4. Considerações finais

Este trabalho tenta lançar alternativas ao planejamento que tem sido recorrentemente proposto para

Cariacica, sempre voltado para interesses e objetivos externos ao município, e que consideram a

cidade que lá existe um obstáculo a transpor ou contornar.

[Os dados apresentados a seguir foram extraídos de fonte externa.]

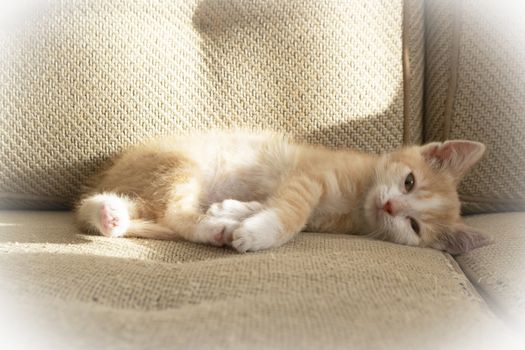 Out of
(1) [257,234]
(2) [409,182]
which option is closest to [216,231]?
(1) [257,234]

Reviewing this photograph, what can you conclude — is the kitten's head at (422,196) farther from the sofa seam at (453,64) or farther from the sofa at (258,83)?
the sofa seam at (453,64)

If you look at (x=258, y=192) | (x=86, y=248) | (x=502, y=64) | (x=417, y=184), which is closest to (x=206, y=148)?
(x=258, y=192)

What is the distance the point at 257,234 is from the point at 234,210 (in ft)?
0.56

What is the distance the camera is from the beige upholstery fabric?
85 centimetres

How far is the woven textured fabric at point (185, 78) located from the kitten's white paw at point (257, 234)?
0.55 metres

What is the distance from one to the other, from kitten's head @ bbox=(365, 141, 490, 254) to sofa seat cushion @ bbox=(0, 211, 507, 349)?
19cm

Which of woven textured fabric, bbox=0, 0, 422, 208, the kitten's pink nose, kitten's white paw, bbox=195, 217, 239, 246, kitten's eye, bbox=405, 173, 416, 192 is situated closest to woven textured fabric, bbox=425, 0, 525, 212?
woven textured fabric, bbox=0, 0, 422, 208

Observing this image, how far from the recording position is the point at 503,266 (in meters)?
1.01

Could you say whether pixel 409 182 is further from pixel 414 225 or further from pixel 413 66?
pixel 413 66

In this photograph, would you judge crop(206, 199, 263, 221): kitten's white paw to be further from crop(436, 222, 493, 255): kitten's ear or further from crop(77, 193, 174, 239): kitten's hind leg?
crop(436, 222, 493, 255): kitten's ear

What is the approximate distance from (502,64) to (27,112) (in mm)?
1499

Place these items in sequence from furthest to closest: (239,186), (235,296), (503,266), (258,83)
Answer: (258,83), (239,186), (503,266), (235,296)

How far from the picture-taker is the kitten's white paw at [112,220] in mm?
1119

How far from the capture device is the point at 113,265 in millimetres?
879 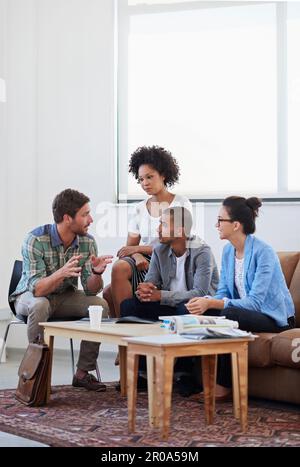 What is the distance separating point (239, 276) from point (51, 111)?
273cm

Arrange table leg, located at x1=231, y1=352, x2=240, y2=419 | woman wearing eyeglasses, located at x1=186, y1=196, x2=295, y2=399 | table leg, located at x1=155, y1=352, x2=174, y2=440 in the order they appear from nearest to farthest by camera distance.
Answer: table leg, located at x1=155, y1=352, x2=174, y2=440 → table leg, located at x1=231, y1=352, x2=240, y2=419 → woman wearing eyeglasses, located at x1=186, y1=196, x2=295, y2=399

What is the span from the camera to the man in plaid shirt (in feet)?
15.9

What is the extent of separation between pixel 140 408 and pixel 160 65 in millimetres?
2944

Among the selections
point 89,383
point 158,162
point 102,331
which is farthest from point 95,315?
point 158,162

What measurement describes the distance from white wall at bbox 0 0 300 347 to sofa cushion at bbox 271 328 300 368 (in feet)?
7.81

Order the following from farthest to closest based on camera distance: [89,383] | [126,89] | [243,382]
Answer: [126,89] → [89,383] → [243,382]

Procuramos as feições desta cidade ditadas pelas suas peculiaridades e dinâmicas internas de

configuração urbana, de mobilidade e acesso, de Uso e de Ocupação do Solo. A organização com um

núcleo central, em que suas partes interagem intensamente, e cinco corredores suburbanos – Novo

Horizonte, Sede-Porto Belo, Santana, Caçaroca e Padre Gabriel – se afigurou como novidade até

mesmo aos pesquisadores, já condicionados ao desenho que resume Cariacica às rodovias federais e

à rodovia José Sette.

Procuramos os indícios de movimentos e interesses externos que possam trazer oportunidades de

desenvolvimento ao município no horizonte de tempo da Agenda e indicamos estratégias de

acompanhamento e participação na concretização de cada proposta. Se todas elas se viabilizarem,

Cariacica poderá ser verdadeiramente outra cidade, sem deixar de ser ela mesma. No entanto,

aconteça o que acontecer, a maior parte da cidade que existirá daqui a vinte anos já está pronta e

funcionando.

Selecionamos propostas para a gestão cotidiana do Uso e da Ocupação do Solo que apostam na

legibilidade da cidade pelos seus habitantes. A forma das áreas de preservação – inclusive

consubstanciada num mapa escolar – será a base para a responsabilidade ambiental urbana e rural.

A forma da estrutura do tecido urbano – representada pela malha de ruas principais – será a base para

organizar a mistura funcional, salubre e confortável dos Usos do Solo e para a multiplicar a

prosperidade da iniciativa privada. E, finalmente, a forma das edificações – descrita por indicadores

mensuráveis e inteligíveis pelo cidadão comum – será a base para a qualidade dos espaços públicos e

privados do tecido urbano, seja ele um negócio imobiliário ou um lar.